SOURCE DATA: Begin

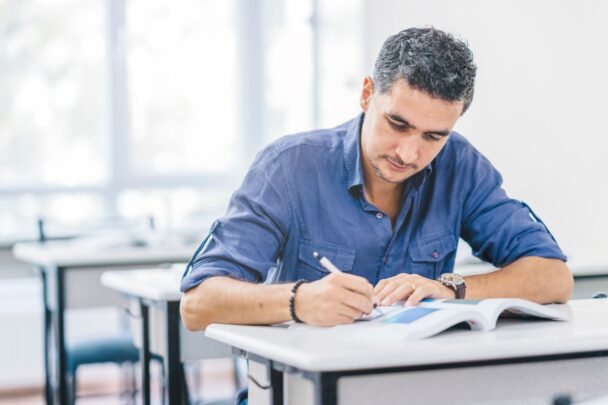 Man van middelbare leeftijd is aan het schrijven en lezen, of studeren.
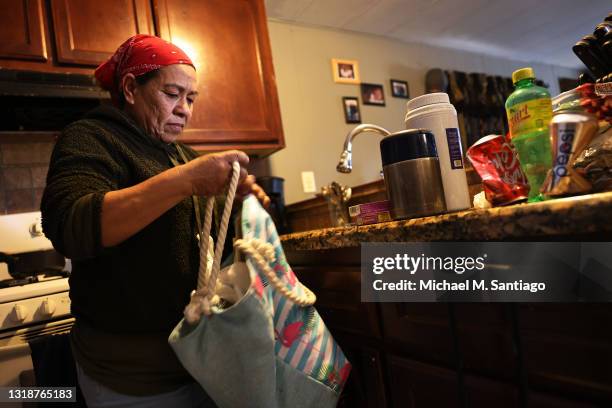 Imelda Valdivia, a farm worker originally from Michoacán, Mexico, empties her bag after arriving home from work on May 18, 2021 in Bakersfield,...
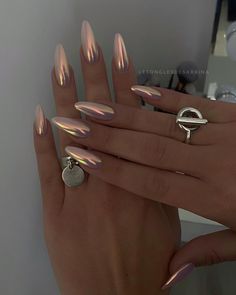 a woman's hand with shiny nails and rings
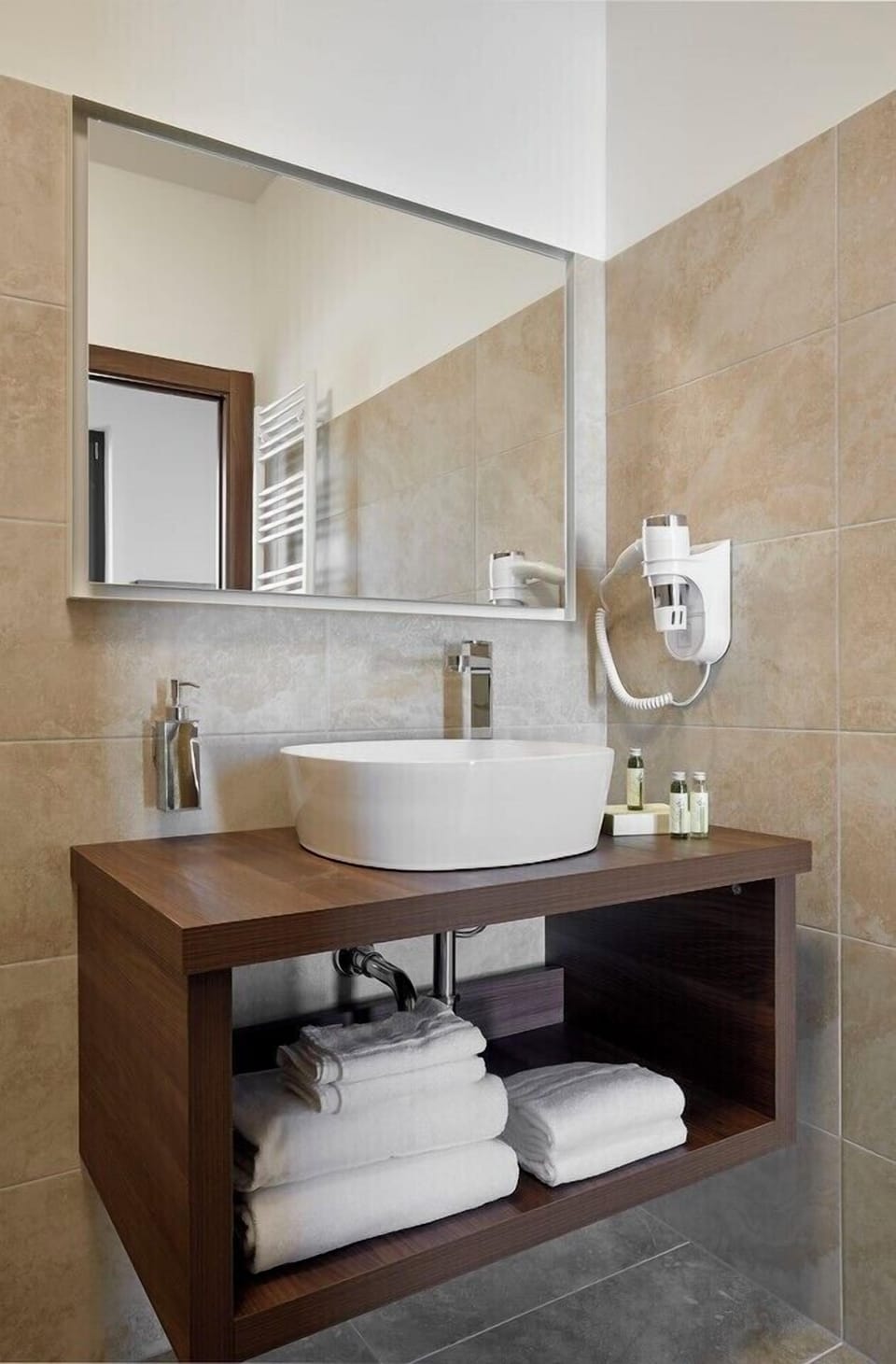 Shower, hair dryer, slippers, towels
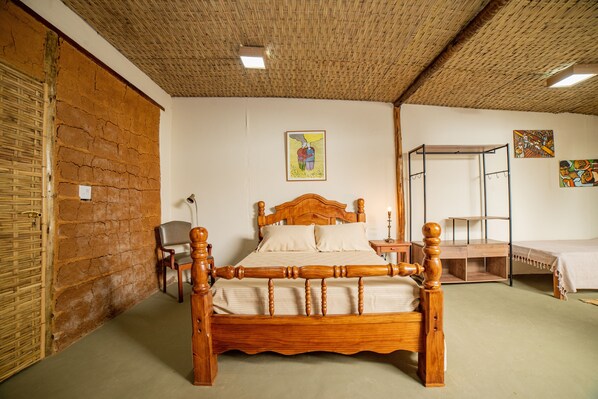 Una habitación con una cama de madera, una silla, una mesita y una pared con un cuadro.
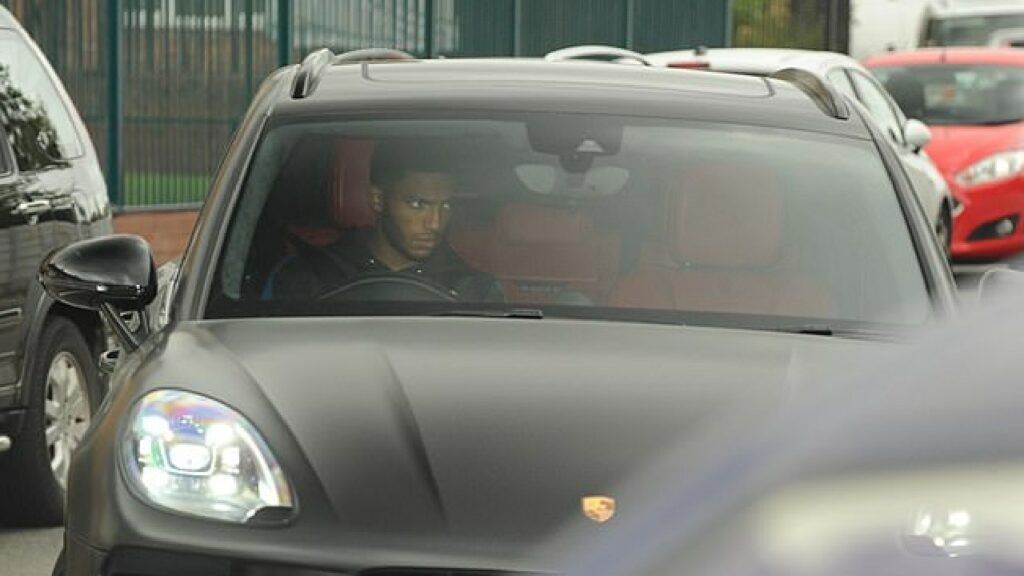 Joe Gomez in His Porsche Cayenne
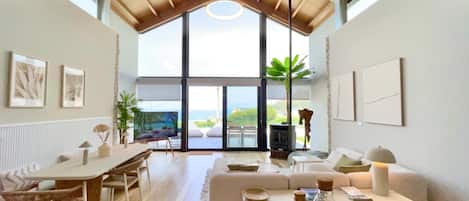 A spacious living room with a high ceiling, large windows offering a view of the sea, a dining area with a table and chairs, and a cozy seating area with a sofa and cushions.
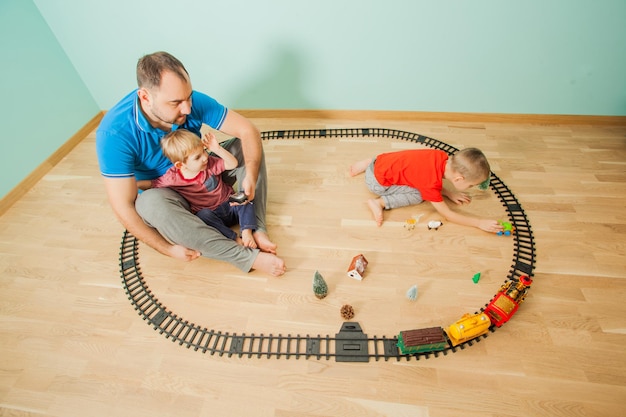 Padre joven e hijos divirtiéndose juntos. La familia juega un tren de juguete en la sala de juegos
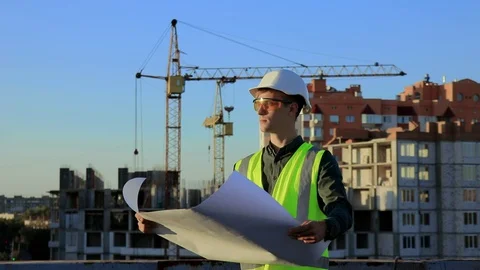 A young architectural engineer in a protective helmet and vest looks Stock Footage 128630863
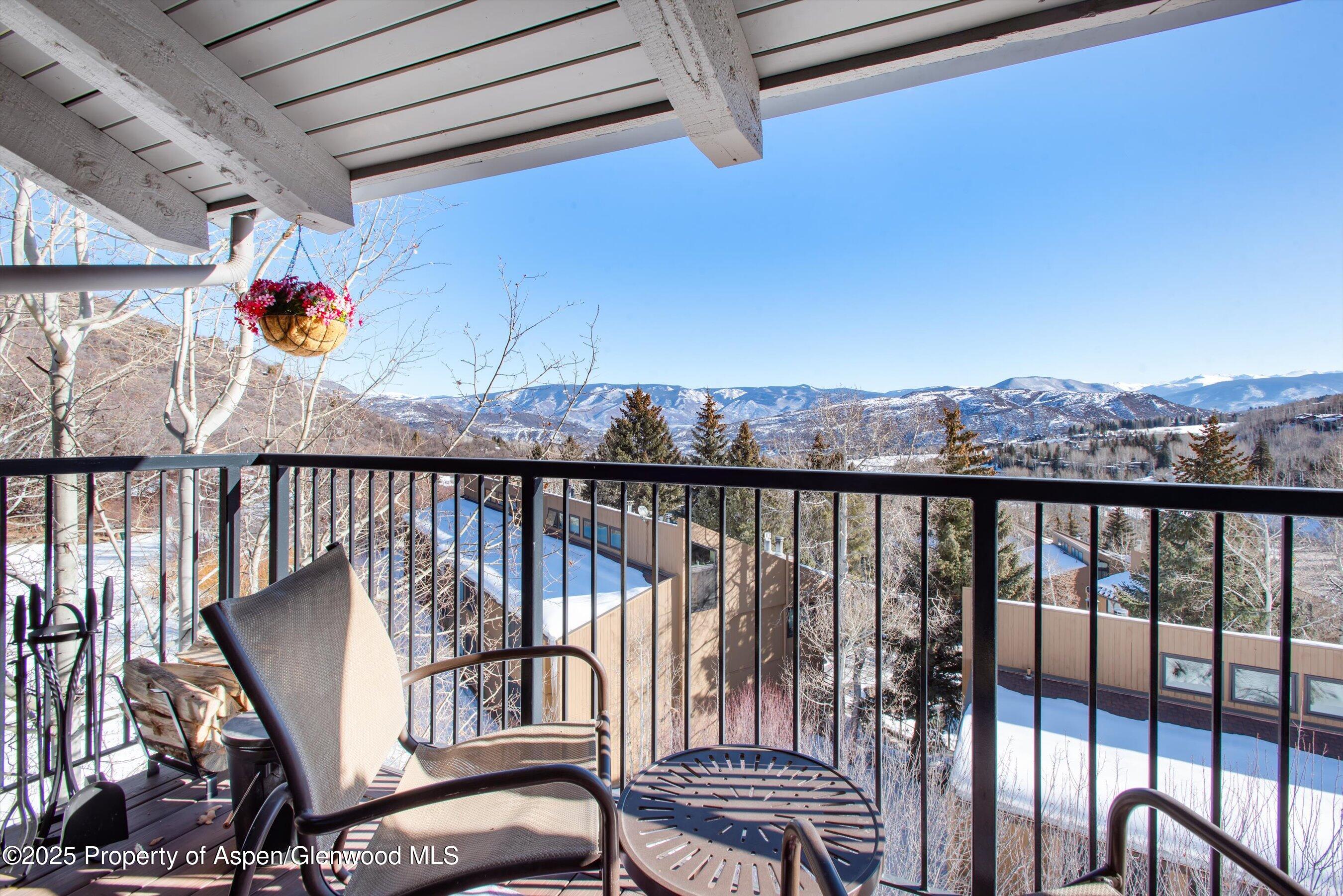 55 Upper Woodbridge Road, Unit J5 Snowmass Village, CO 81615 - Photo 24 of 32 a view of a chairs and table in the balcony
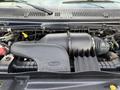 Engine compartment of a 2011 Ford Econoline featuring the air intake system and various engine components
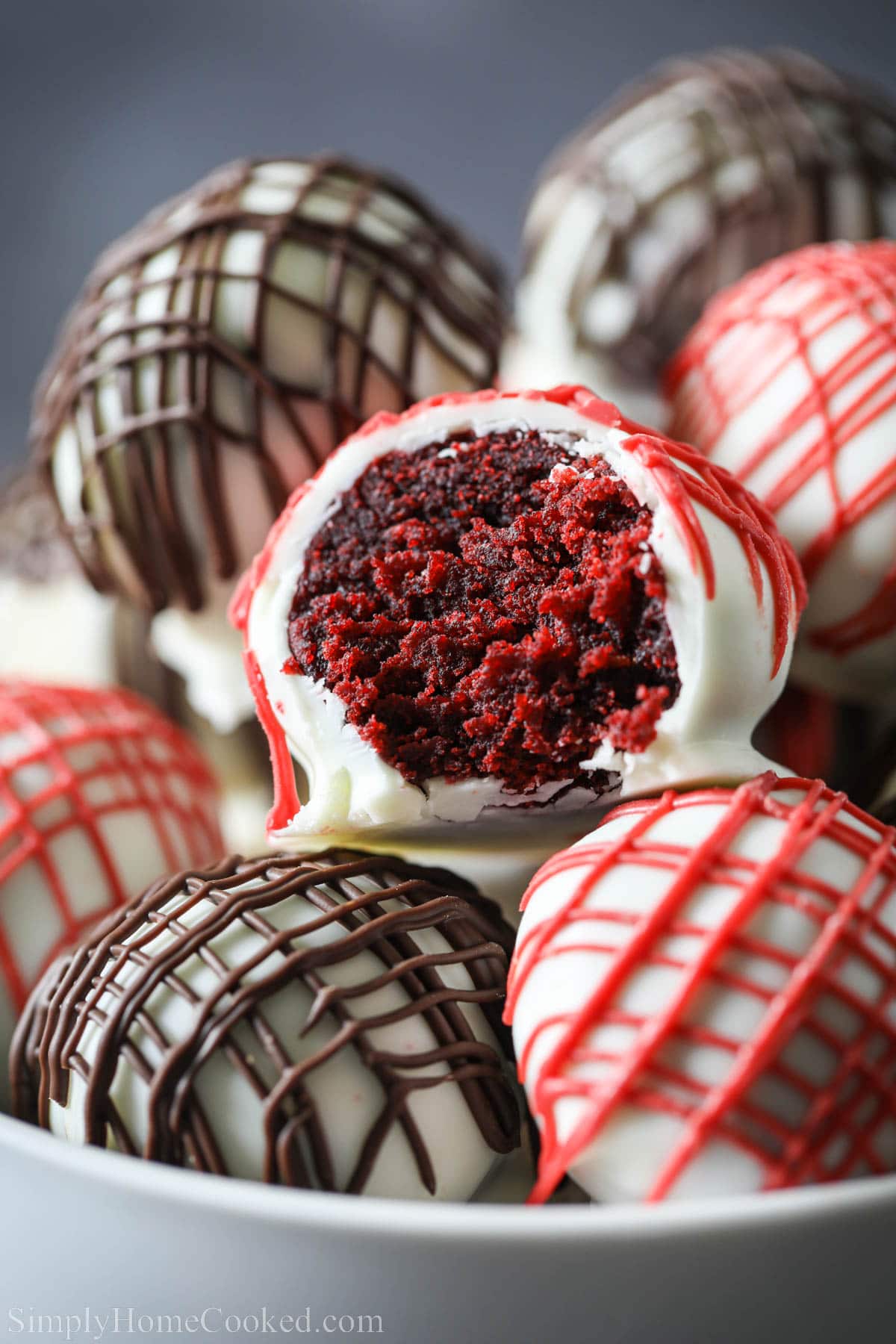 These Red Velvet Cake balls are so yummy. They have a soft red velvet inside and a hard candy coating on the outside. #dessert #valentinesdaydessert #redandwhitecakepops #valentinesdayrecipe Red Velvet Cake Balls covered in white chocolate candy melt and drizzled with red and chocolate.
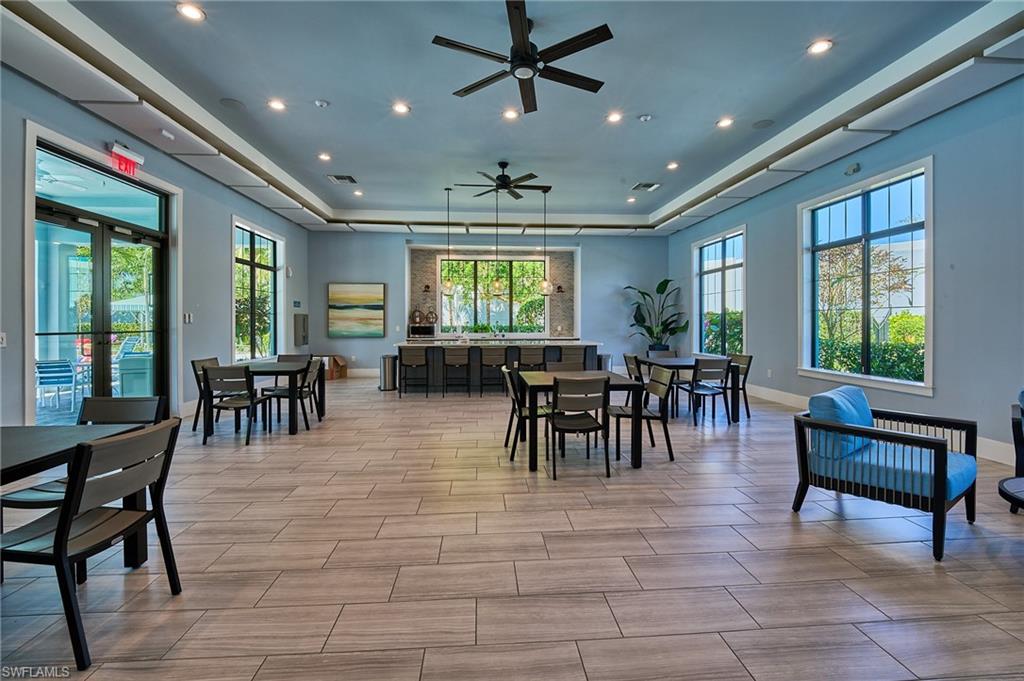 2664 Seychelles Circle, Unit 2402 Naples, FL 34112 - Photo 25 of 30 a view of a dining room with furniture window and outside view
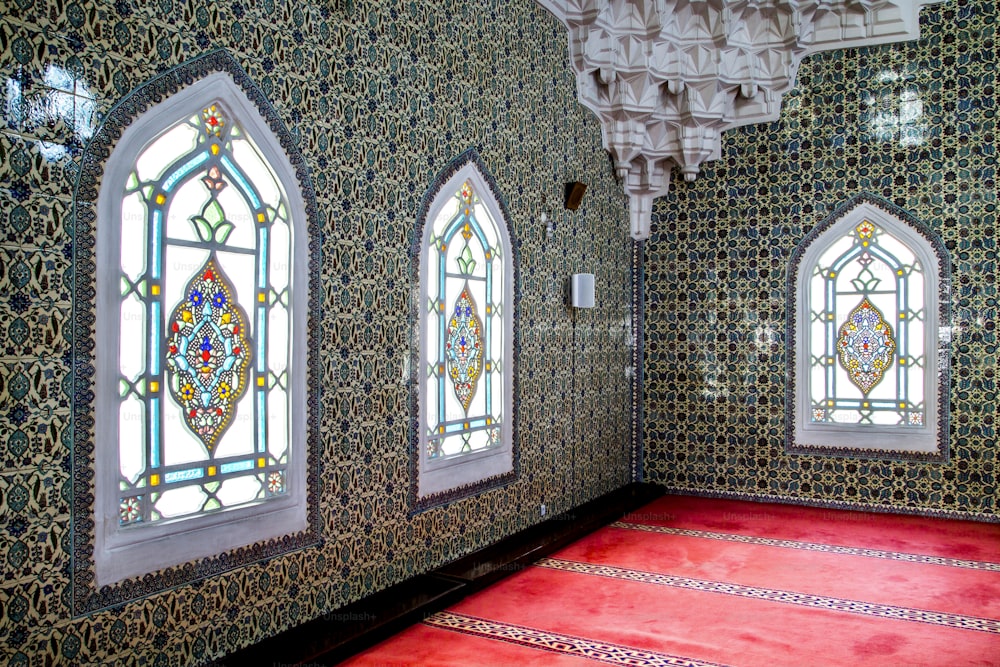 une chambre avec des vitraux et un tapis rouge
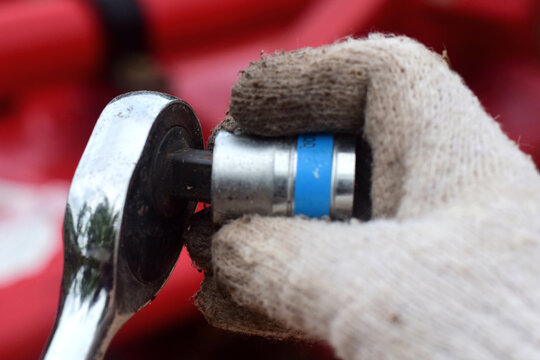 Agricultural machinery assembler using socket wrenches and hydraulic components. High-resolution photograph.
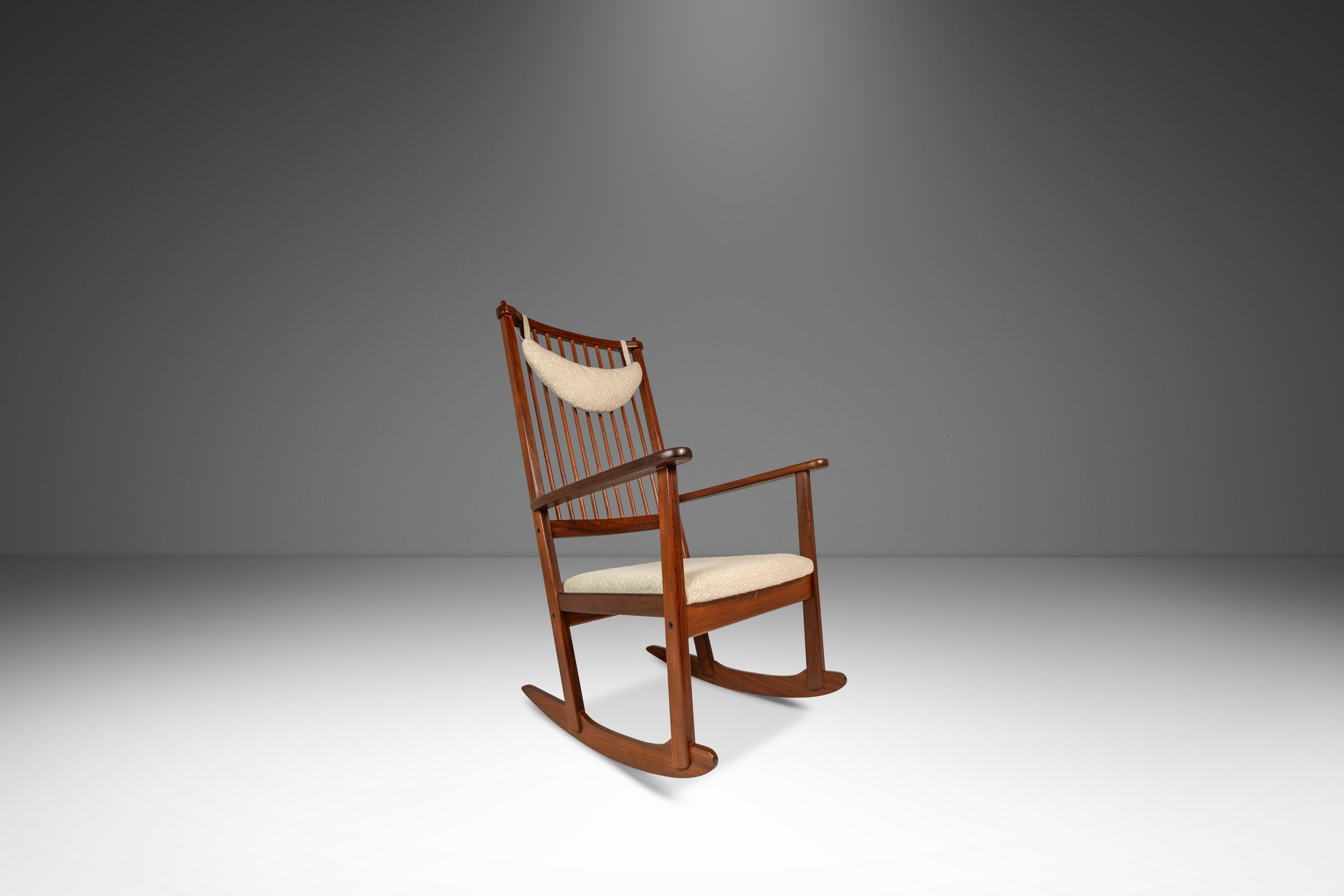 This elegant Mid-Century Modern rocking chair, designed by Yngve Ekström for Swedese in the 1960s, exemplifies Scandinavian design with its solid teak frame and newly custom upholstered Cloud Light Gray nubby Bouclé fabric. The rich, honey-toned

SOURCE DATA: End

EXERCISE GOAL »
Extract, without any images, the part of the material above that opens with the line containing "une chambre avec" and closes with the line containing "Agricultural machinery assembler", both lines included.

OUTPUT FOR THIS TASK »
 une chambre avec des vitraux et un tapis rouge
 Agricultural machinery assembler using socket wrenches and hydraulic components. High-resolution photograph.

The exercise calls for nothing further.